In contrast, our method discretizes spatial information using Geohash encoding. By combining spatial encoding with dynamic range verification, it significantly enhances the robustness and accuracy of anomaly detection and provides a more reliable solution for trajectory data cleaning.
In addition, the Geohash encoding method can also be used to compress fishing vessel trajectories. For example, only one position with the same Geohash encoding can be retained. It can also be used to detect the stopping points of fishing vessels. When there are multiple positions with the same Geohash encoding in the time series, it indicates that the fishing vessel has remained in the same area. By changing the length of the Geohash encoding, the fishing vessel trajectory can be downsampled. For example, if the length of the 7-bit encoding is reduced by 1 bit, the grid area will increase by 32 times, and only one of the same encodings will be retained.
Although this paper focuses on fishing vessel trajectory data, the method proposed can also be generalized to the identification of trajectory outliers in merchant vessels and other types of ships and can adapt to the vessel speed and transmission frequency. When the latitude and longitude of the trajectory data are normal but the vessel speed exceeds the limit, or the time interval of vessel position information transmission is too long, this method is still applicable.
In addition, the geohash geocoding algorithm used in this paper can also be replaced by the Google S2 geocoding method, but the encoding range in the method needs to be modified [28]. Therefore, this proposed method is still effective for trajectory-dependent analyses and applications, such as ship collision prevention [29] and route planning [30].

5. Conclusions

This study proposes a Geohash-based method for outlier detection and data cleaning in fishing vessel trajectories. Compared to traditional approaches, this method exhibits significant advantages in terms of algorithm performance and application scenarios. It involves dynamically calculating the reachable distance according to the fishing vessel’s speed and time interval and calculating the corresponding Geohash neighborhood hierarchy, followed by obtaining the neighborhood range of the fishing vessel position point by dynamically adjusting the Geohash hierarchy. Ultimately, the validity of the fishing vessel position point is verified in both directions by performing the intersection detection of the current point with the multi-layered Geohash encoding of the preceding and following points. This data cleaning process makes full use of the regional representation and spatial characteristics of Geohash coding, and the fishing vessel trajectory data can be cleaned without the need for a large amount of historical data.
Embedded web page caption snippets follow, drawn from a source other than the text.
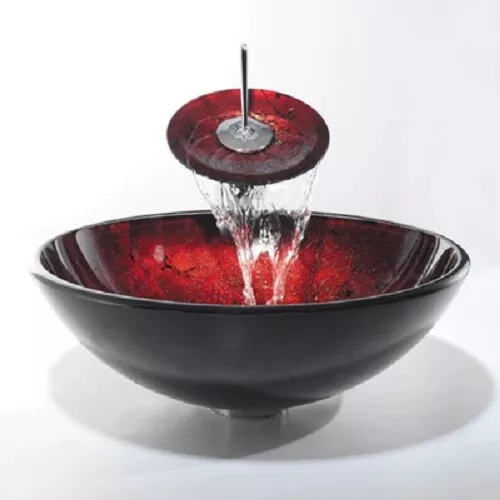 LUXURY Glass sink WASH BOWL RED BLACK painted basin MATCHING WATERFALL Tap WASTE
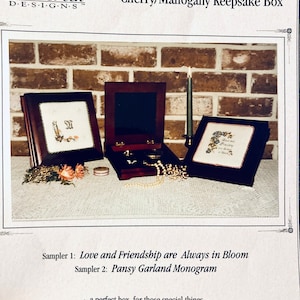 Moss Creek Designs No. 103...Two Samplers for Keepsake Box...Love and Friendship..Pansy Garland..Counted Count Stitch Charts...Rae Iverson..
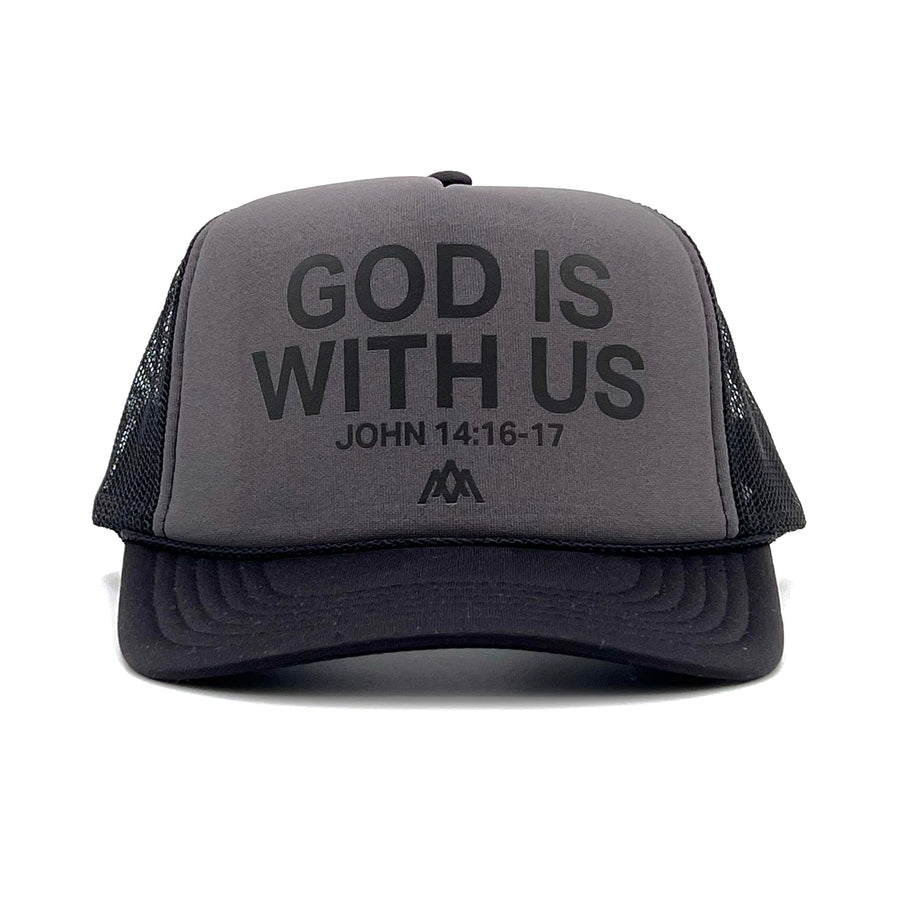God is With Us Foam Trucker Hat - Charcoal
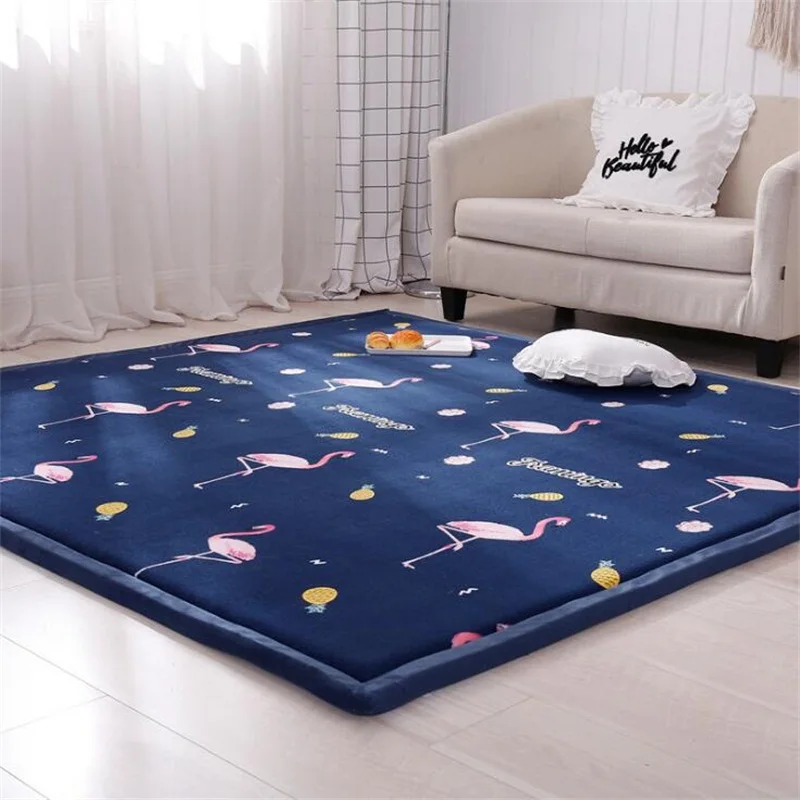 

New Style 2CM Thick Play Mats Coral Fleece Blanket Carpet Children Baby Crawling Tatami Mats Cushion Mattress for Bedroom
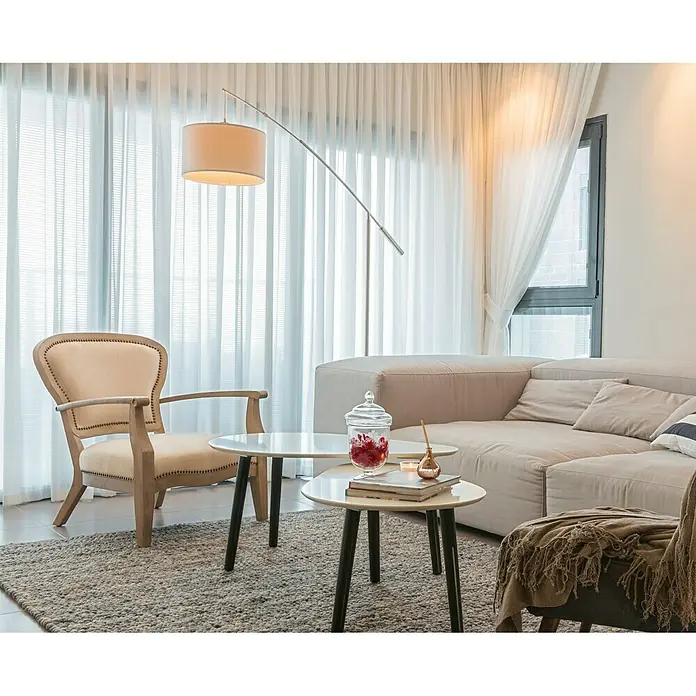 Visillo para ventana Said nata - 140 x 270 cm, 50% poliéster - 50% lino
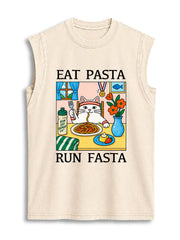 EAT PASTA RUN FASTA Vintage Washed Cotton Tank Top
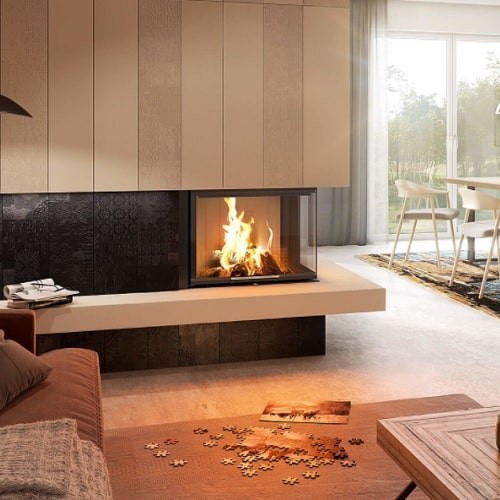 Inserto a legna Spartherm Varia 2R-68h 9,6 kW cheminée d'angle, porte coulissante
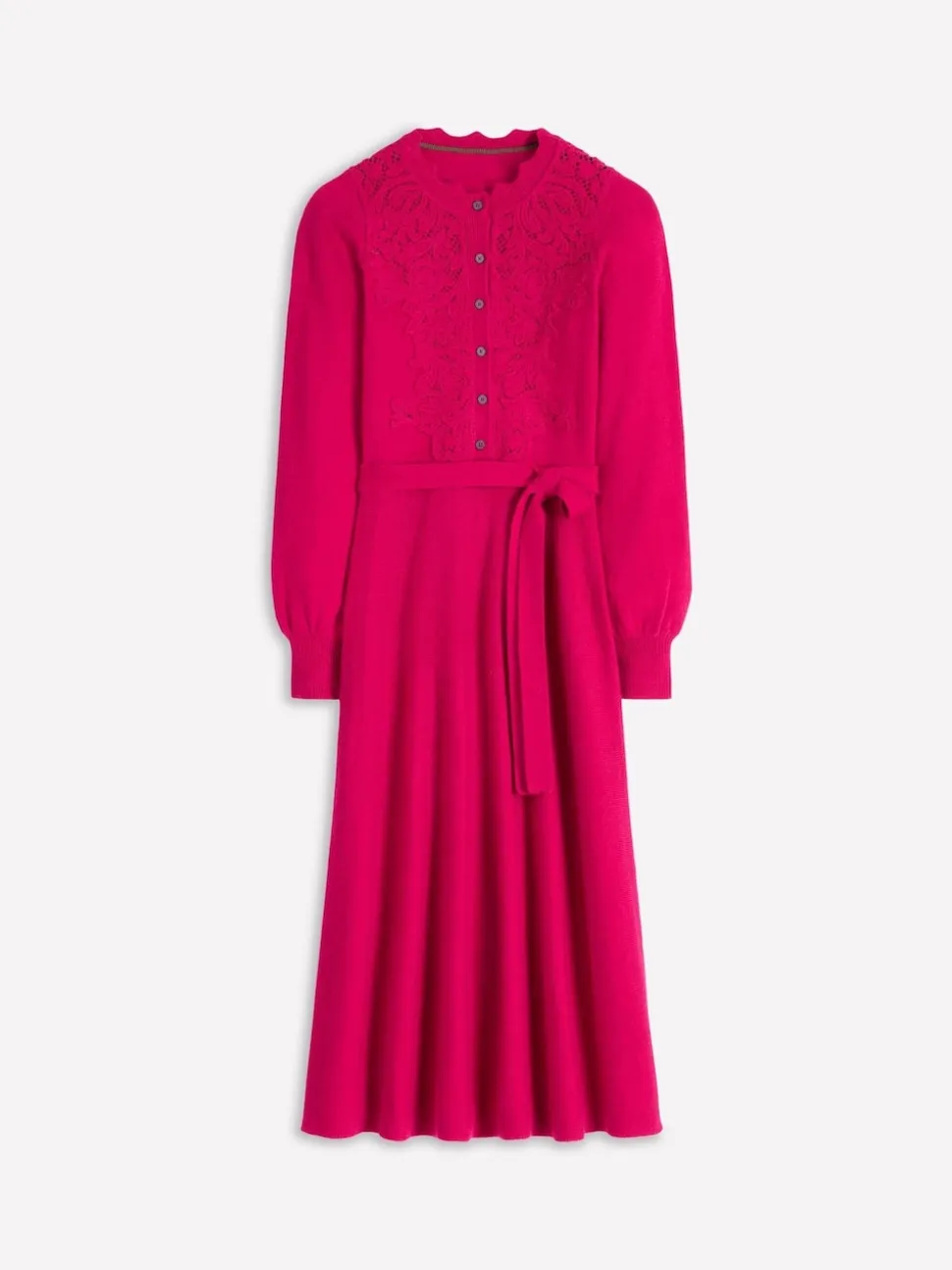 Robe mi-longue Boden en maille avec empiècement en dentelle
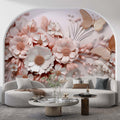 3D Pink Butterfly Wallpaper  Embossed Flower Mural YF-00885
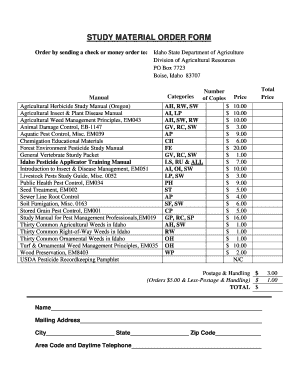 Idaho Study Material Order Form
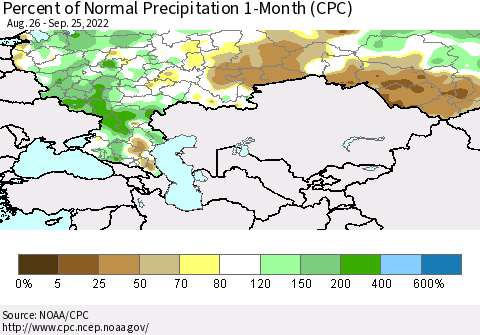 Russian Federation Percent of Normal Precipitation 1-Month (CPC) Thematic Map For 8/26/2022 - 9/25/2022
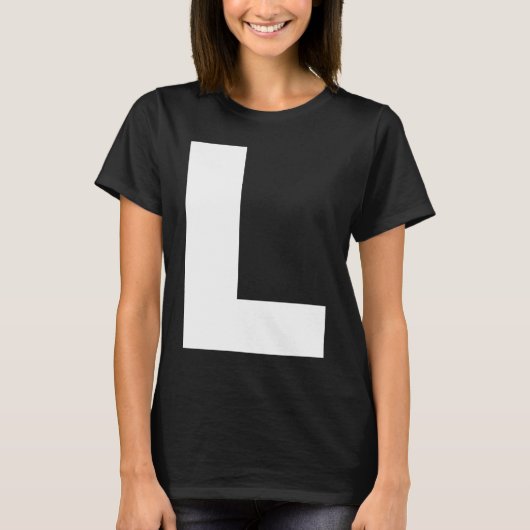 Capital L Bold Alphabet Letter Monogram Uppercase  Tシャツ (正面)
It primarily utilizes the neighborhood search characteristics of Geohash. Outlier identification mainly involves the relationships between the current point and its preceding and following trajectory points, thus requiring a relatively small amount of data for processing. It can be applied to the online anomaly detection of the trajectories of fishing vessels, and, in the context of intermittent trajectories due to irregular transmission frequencies, it is not necessary to clean the trajectory of the fishing vessel by segment processing. This approach can be adapted to the trajectory data of fishing vessels under different sailing conditions. Whether it is high-speed sailing or low-speed cruising, the algorithm can adjust the neighborhood range of the trajectory points according to the specific conditions, which improves the adaptability and applicability range of the algorithm. Thus, it effectively improves the accuracy in the detection of the outliers and the efficiency of data cleaning.

Supplementary Materials

The following supporting information can be downloaded at: https://www.mdpi.com/article/10.3390/jmse13050917/s1, The entire trajectory data of ZheLingYu 00028 and ZhePuYu 68823 can be found in the Supplementary Files. The Beidou fishing vessel position data come from the Beidou civil sub-processing service provider, and the data mainly include the Beidou card number, latitude and longitude positions, speed, heading, and transmission time of the fishing vessel. The temporal resolution of the data is 3 min.

Author Contributions

Conceptualization, W.Z.; methodology, W.Z. and L.Z.; software and validation, L.Z.; writing—original draft preparation, L.Z.; writing—review and revising, W.Z. All authors have read and agreed to the published version of the manuscript.

Funding

This work was financially supported by the National Key R&D Program of China (No. 2023YFD2401303) and the Central Public-Interest Scientific Institution Basal Research Fund, ECSFR, CAFS (No. 2022ZD0402).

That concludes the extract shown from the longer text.